Потерян дом, но живы пока Соковичи. Просторна, жива земля, на которой можно построить новый дом. И главное — хуторяне приняли, полюбили нового жильца.
Он пошел известить их о смерти доктора Защокина. Федя Софронов еще не вернулся с работы, его шумная Соня гоняла кур по огороду, покрикивая Пете: «Так их, сынок! Вон ту, рябую, окрести палкой. Ах, старая проныра, завтра же в суп ощиплю!» Увидев Ивантьева, она опустила подол, прибрала волосы под косынку и стала рассказывать, что от милиционера Потапова пришла официальная бумага («Во, генерал! Не мог лично приехать!»), в которой предлагалось Феде сдать незаконный, запрещенный для личного хозяйства «тягловый транспорт — трактор «Беларусь».
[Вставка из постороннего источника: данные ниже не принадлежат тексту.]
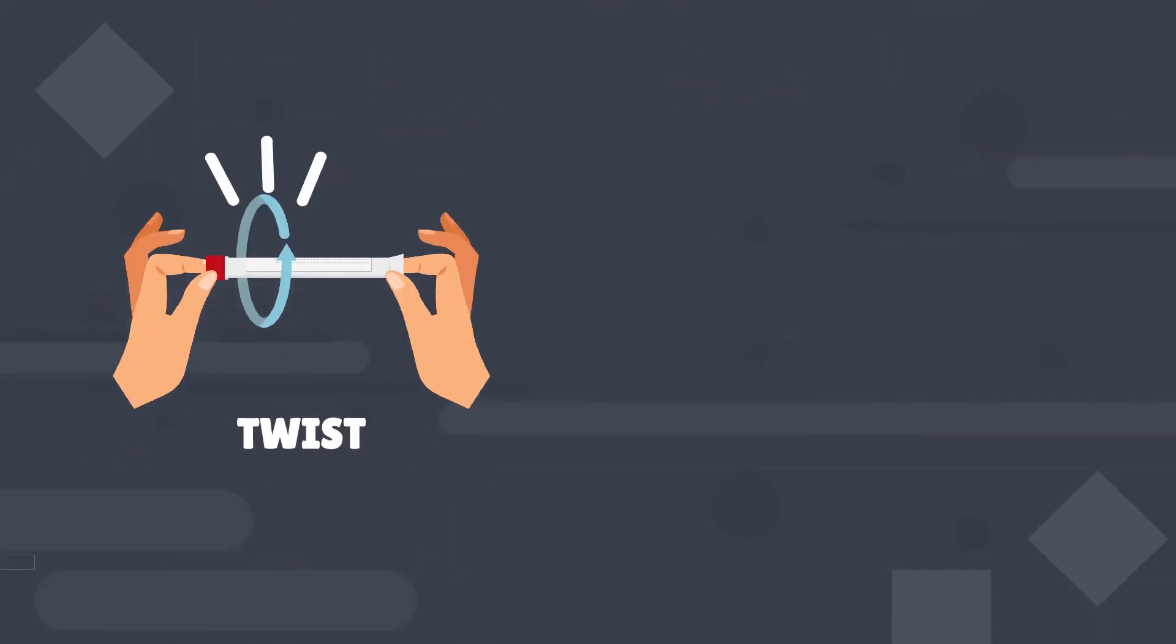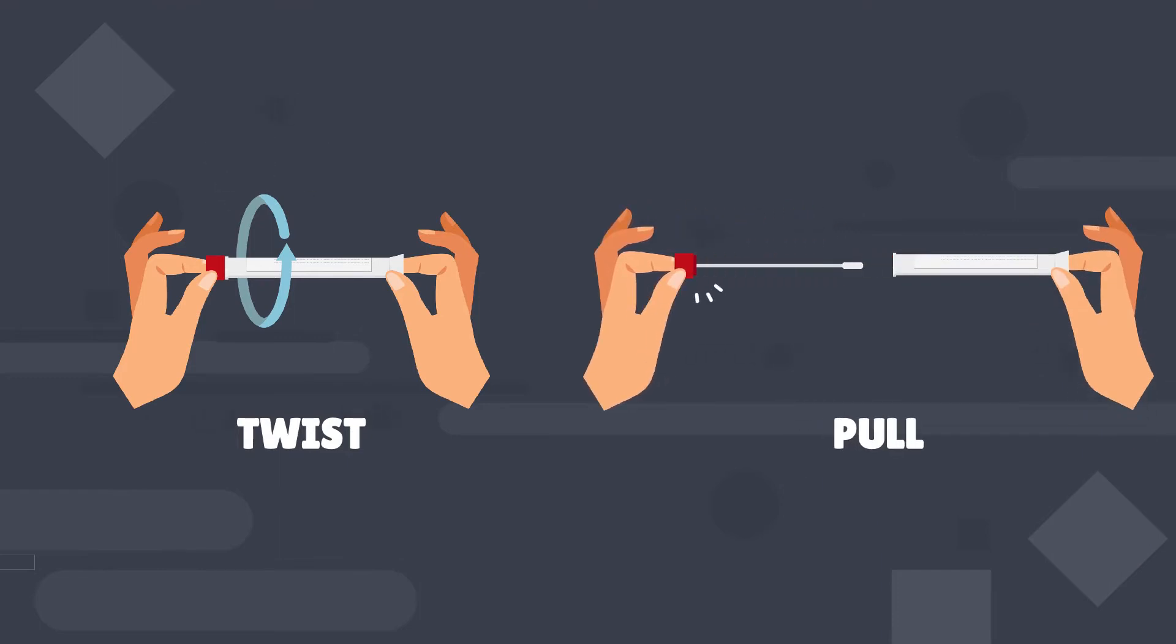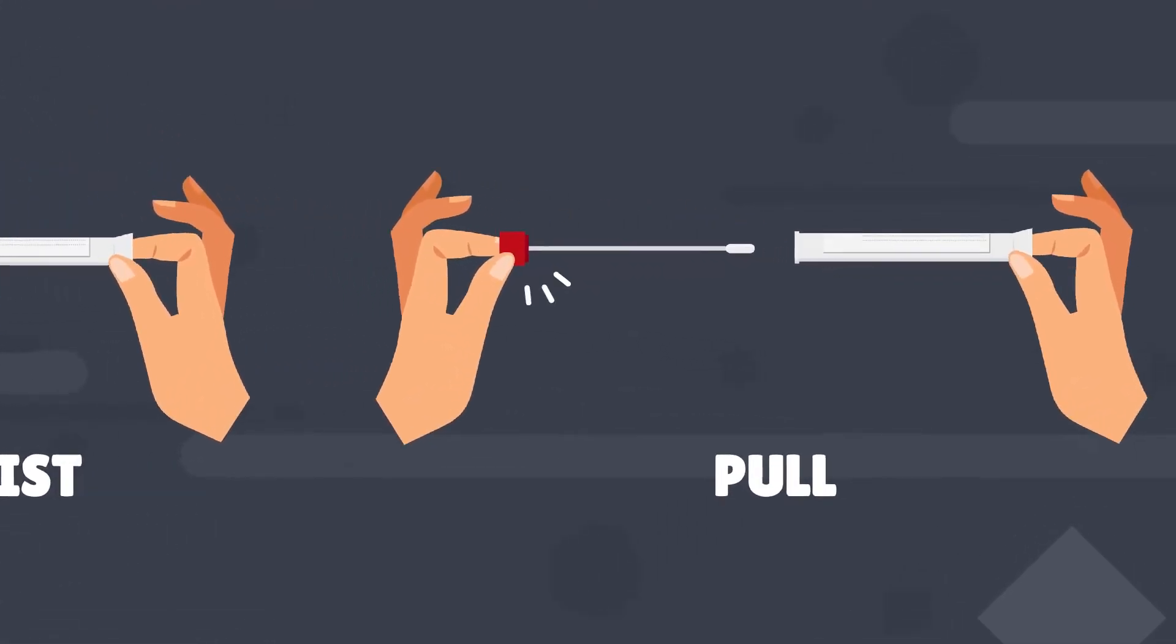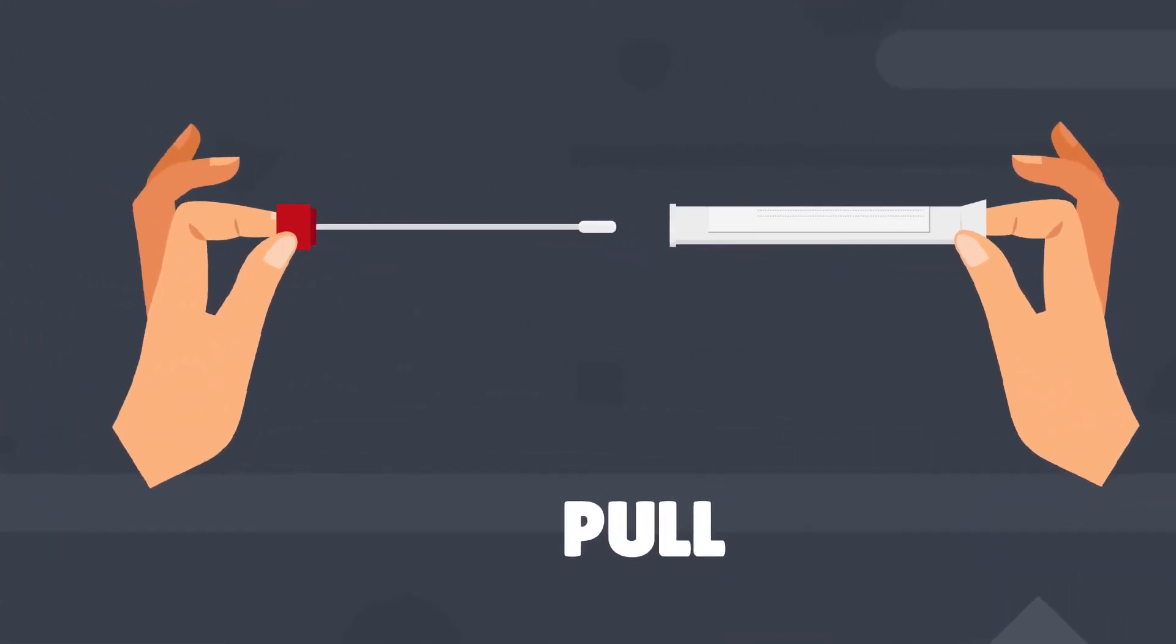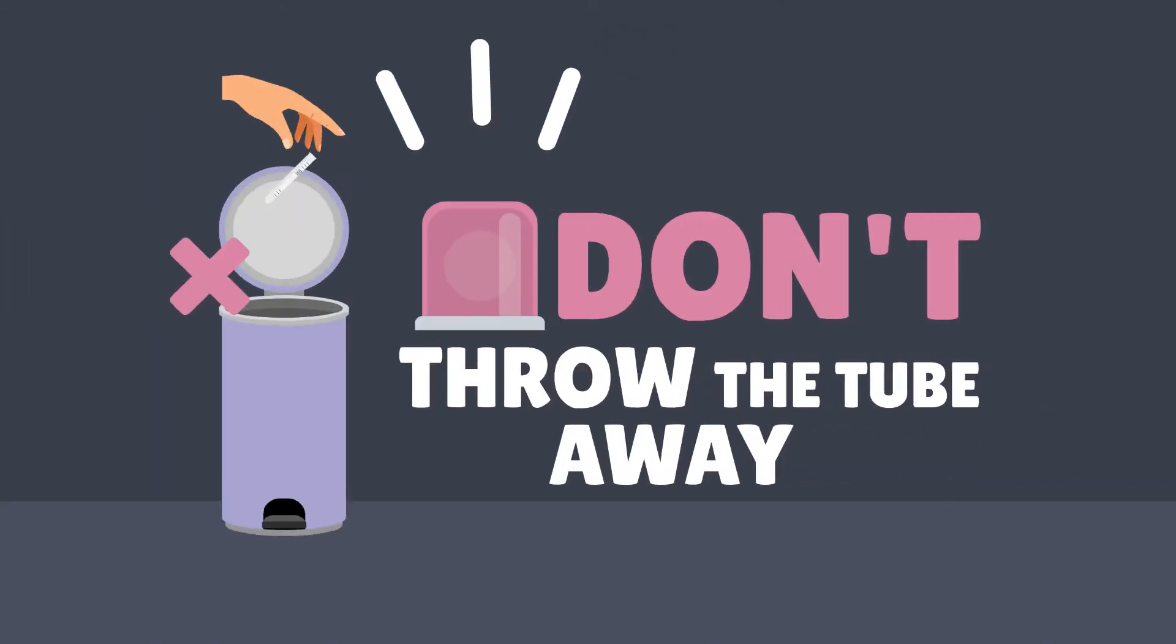Then pull. The swab is attached to the cap and stays attached. Remember, don't throw the tube away. You'll put the swab back in it after you've collected your sample.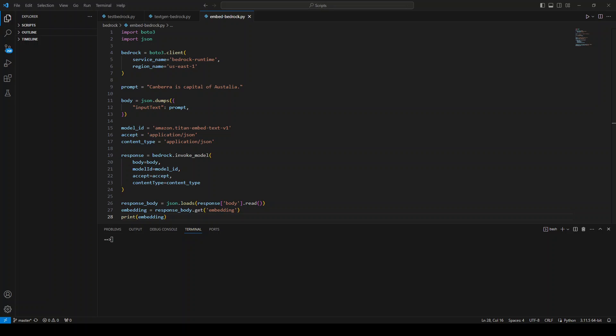Now coming back to this Titan embeddings model, this supports more than 25 languages, including English, Chinese, and Spanish, and various others. And then you can input up to 8192 tokens, making it well suited to work with single word phrases or entire document as I mentioned earlier.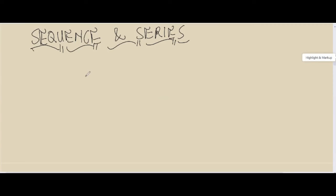Hello, Grade 12, welcome back to the channel. In today's lesson we're going to be looking at sequences and series, and we are going through the whole lesson. So let's start with this: what is the difference between a sequence and a series?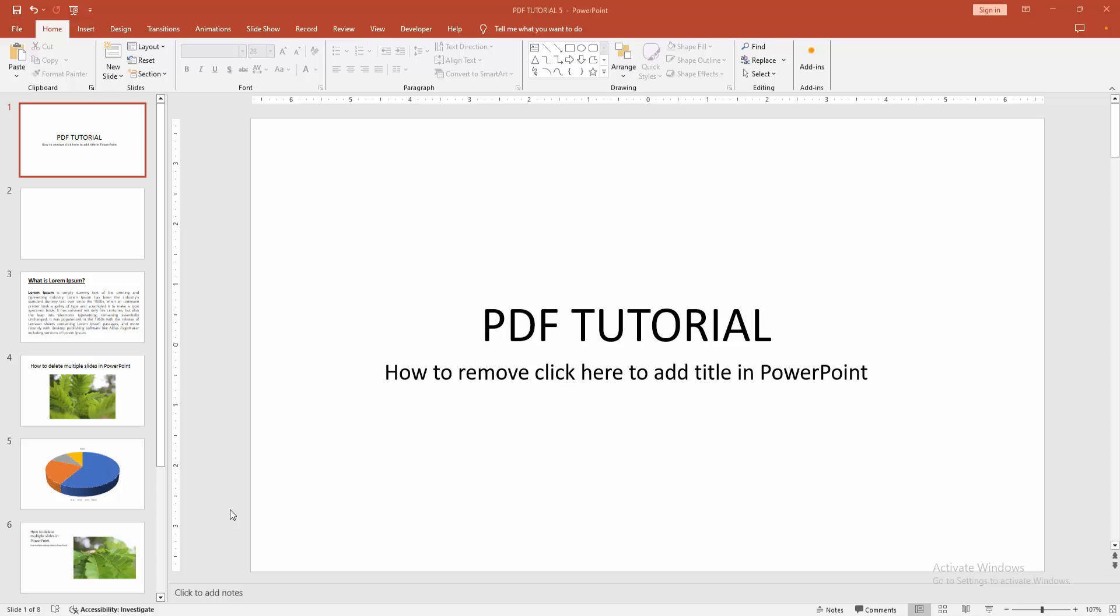As-salamu alaikum. Hello friends. How are you? Welcome back to my another video. In this video, I am going to show you how to remove click here to add title in PowerPoint. Let's get started.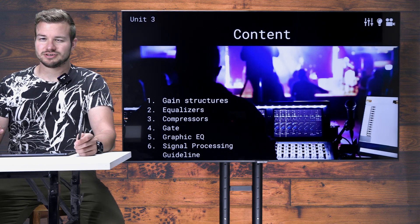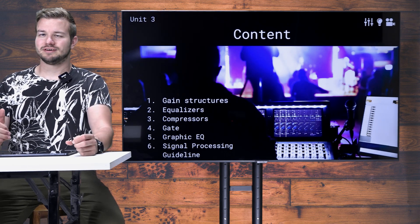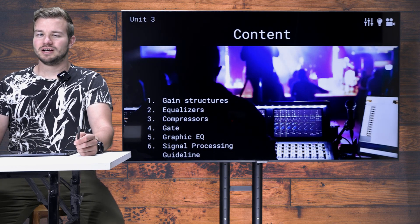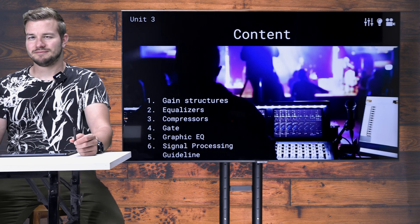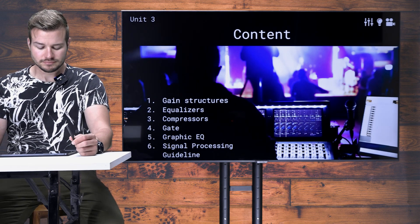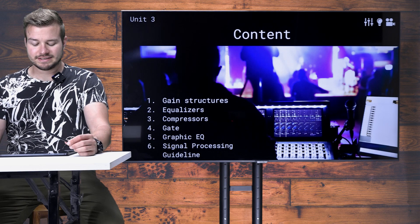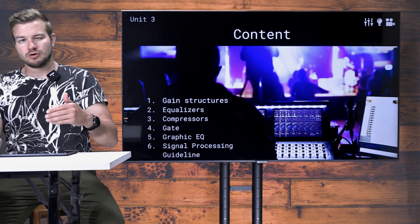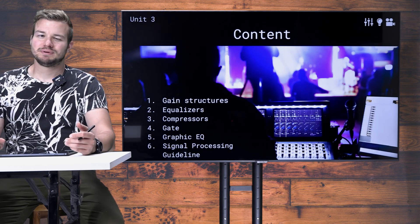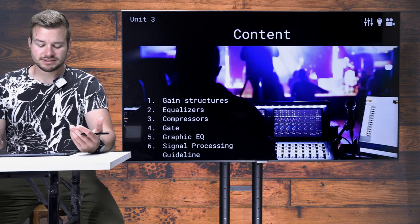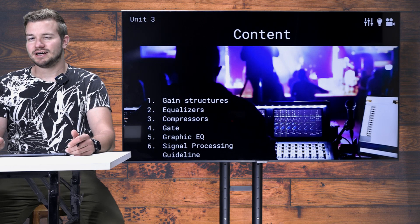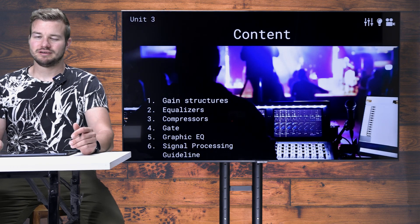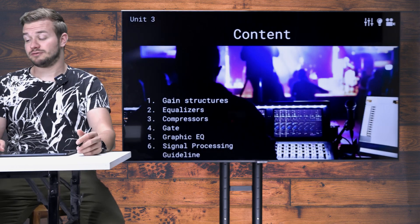Then there is another type of EQ which is the graphic EQ, so we'll talk about the applications of the graphic EQ and where it is used best. Number six will be a signal processing guideline where I will go through various different instruments and explain how you could use equalizers, compressors, and gates to set the parameters properly for different instruments and for whole bands.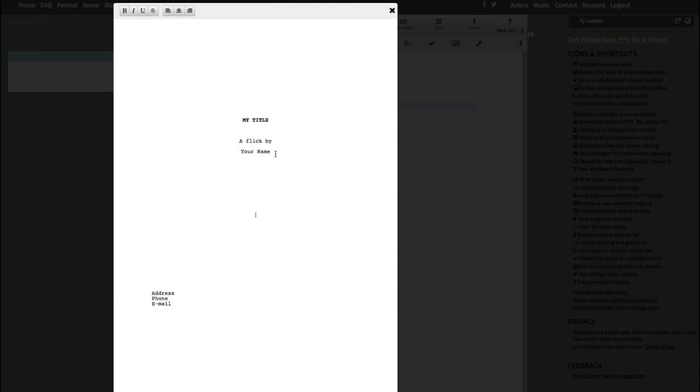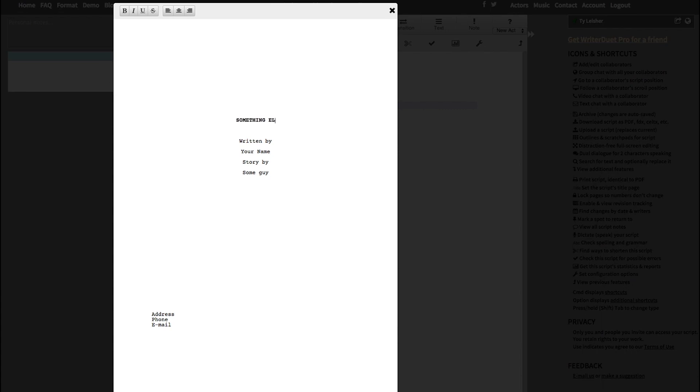Everything that's in here is your title page, and you can change this information however you would like. If you want to change it to written by, if you want to add a story by credit, if you want to change the title to something else, you want to make the title underlined, you can have whatever you want. This is all just information that you can put in there.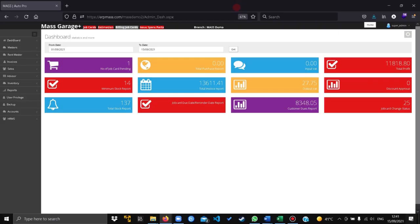In this video we are going to create the customer in the customer master manually. The feature enables the system to save the customer directly from the job cards, but if you need to create or edit the details, you could go to the master and do it through the customers option.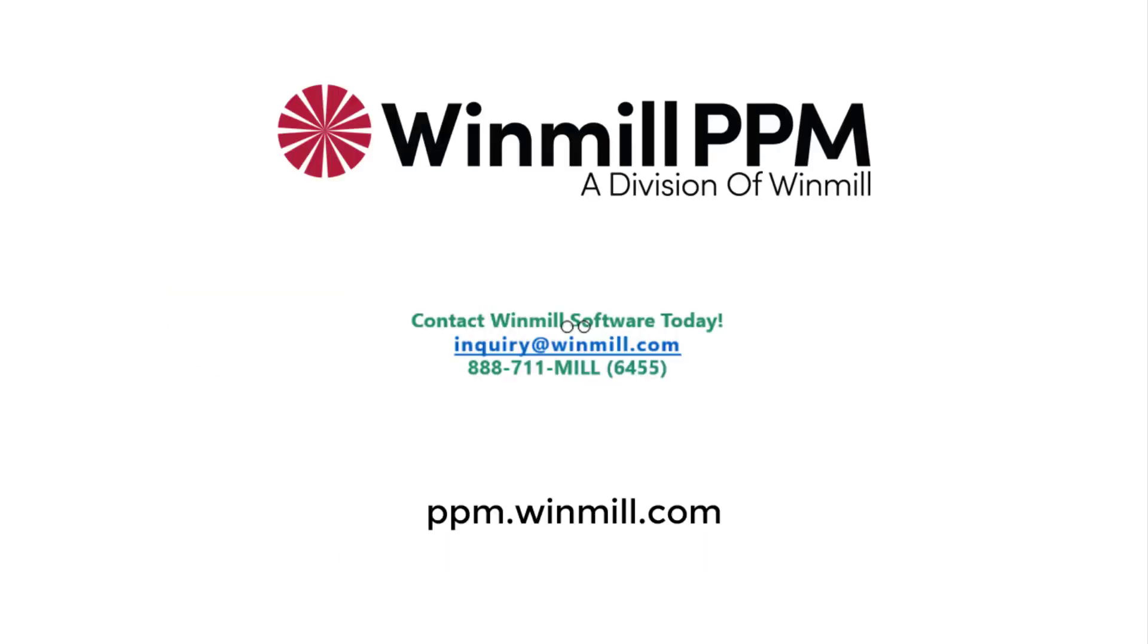You can find more videos showing the latest and greatest from Planview PPM Pro on our website. If you would like to schedule a more focused demo for your team, please contact Windmill using the information on the screen.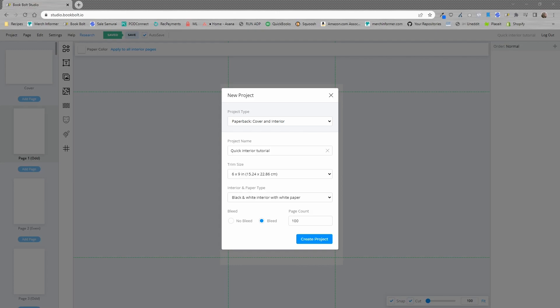Hello everyone, Neil from BookBolt here and in this video I'm going to show you how to create a 100 page lined journal within the next 10 seconds of actually creating it. So let's jump into it here.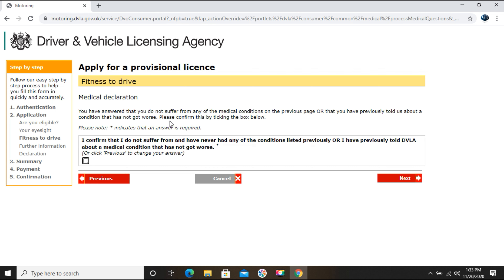You need to make a payment of £34 to confirm your DVLA provisional license application. Click Next, then enter your card details. Due to security reasons I cannot show the card details on screen, but I'll complete the payment.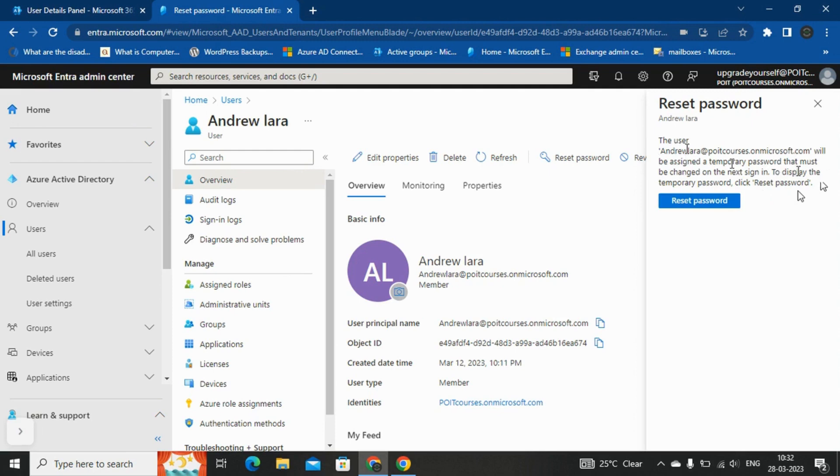From the Azure Active Directory, there will be a password reset automatically done. We cannot enter the password manually. So let me click on reset password now.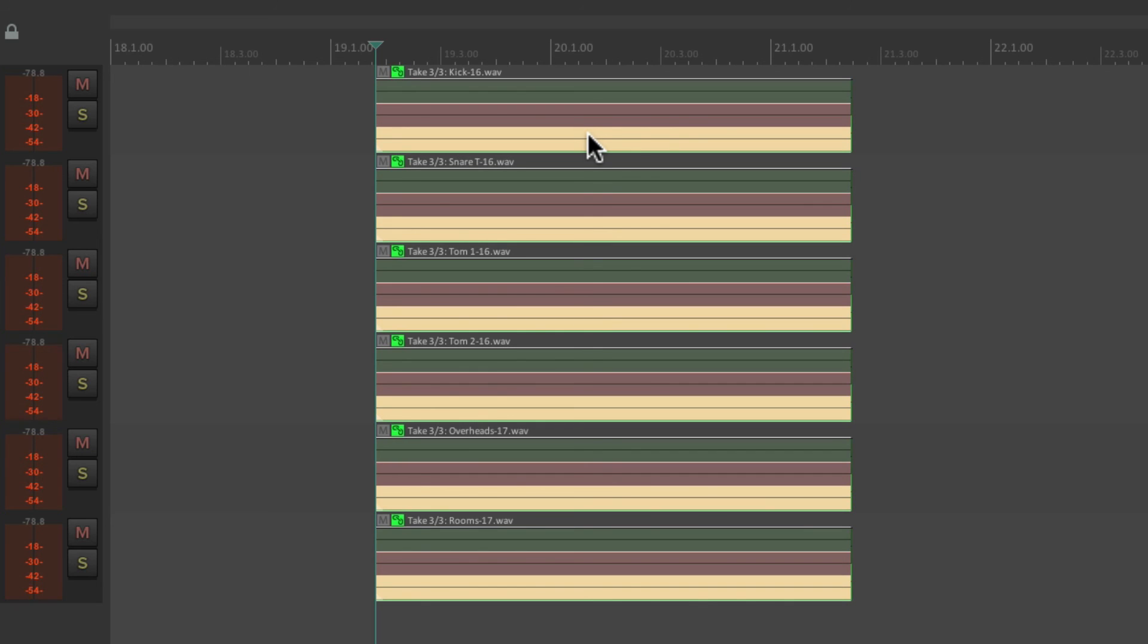So that's pretty much it, that's item grouping in Reaper. I hope you learned something, hope you can use it, and I'll see you next time. Thanks.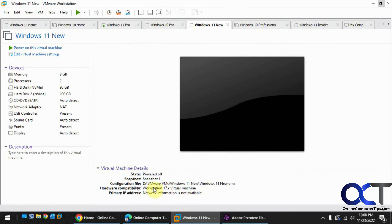Close. And now you can see the hardware compatibility is now Workstation 17x. So it's a real simple process.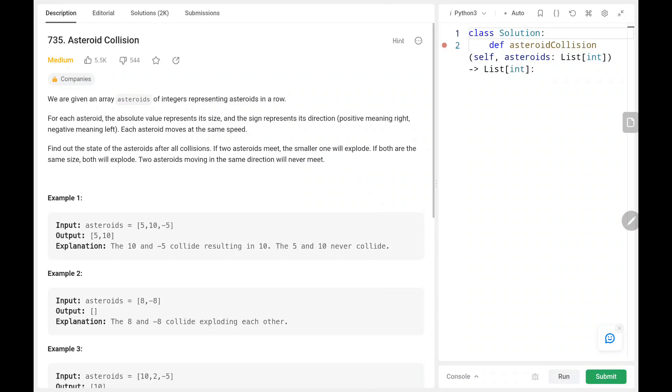Hey everyone, welcome back. Today we are going to solve problem number 735, asteroid collision. First we will see the explanation of the problem statement, then the logic and the code. Now let's dive into the solution.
— И как Федя? — спросил Ивантьев, уловив паузу в беспрерывном говоре Сони.
— А так! Мой Федя с характером. Сказал: «Японский бог! Пусть сам забирает, оприходывает, списывает... Живой механизм не погоню на металлолом!..» А вы, Евсей Иванович, проходите, самовар поставлю, скоро Федя должен приехать, он хотел поговорить про что-то с вами, а то ведь за огородами, хозяйством некогда в глаза друг дружке глянуть.
Ивантьев наконец сказал, зачем пришел, и из Сони выплеснулся еще более бурный поток слов; она всплакнула; она отругала сына и сноху Защокина, «гнилых интеллигентов», предложила сегодня же собраться и помянуть душевного, ученого человека Виталия Васильевича.
— Так это ж мы без головы остались! — удивленно и испуганно воскликнула Соня и тут же, схватив руку Ивантьева, тряся ее, прибавила, точно извиняясь: — Вы будете головой, мы вас уважаем, учимся у вас разумности.
Узнав, что Ивантьеву придется освободить дом, Соня просто задохнулась от негодования, пообещала составить общее письмо хуторян, дойти до Москвы, а выселить «тунеядцев-дачников» из Соковичей.